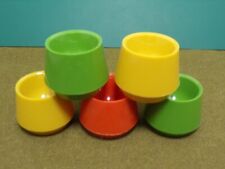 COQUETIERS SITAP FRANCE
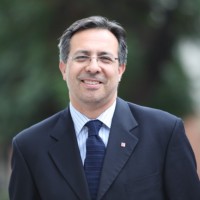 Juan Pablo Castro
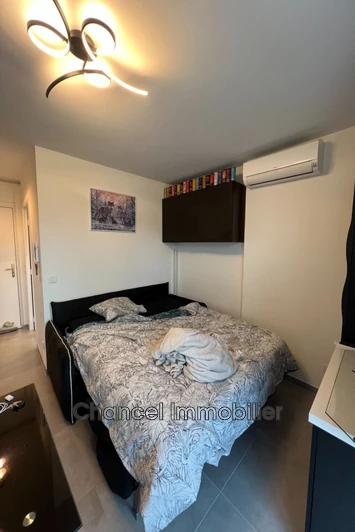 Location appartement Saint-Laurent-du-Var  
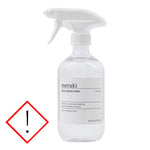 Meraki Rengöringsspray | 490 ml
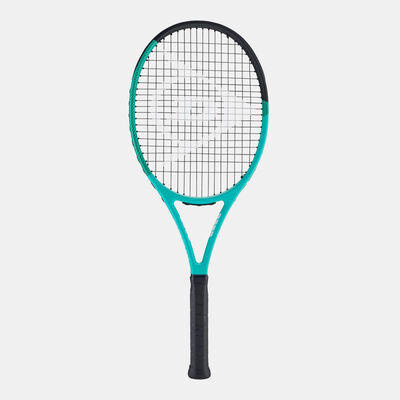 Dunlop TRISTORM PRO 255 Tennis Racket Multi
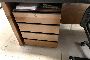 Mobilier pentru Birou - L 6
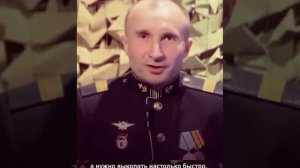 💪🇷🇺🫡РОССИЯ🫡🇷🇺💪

### Goal of the exercise
The records above should be retyped in full and exactly; omit the pictures.

### Response box
 COQUETIERS SITAP FRANCE
 Juan Pablo Castro
 Location appartement Saint-Laurent-du-Var  
 Meraki Rengöringsspray | 490 ml
 Dunlop TRISTORM PRO 255 Tennis Racket Multi
 Mobilier pentru Birou - L 6
 💪🇷🇺🫡РОССИЯ🫡🇷🇺💪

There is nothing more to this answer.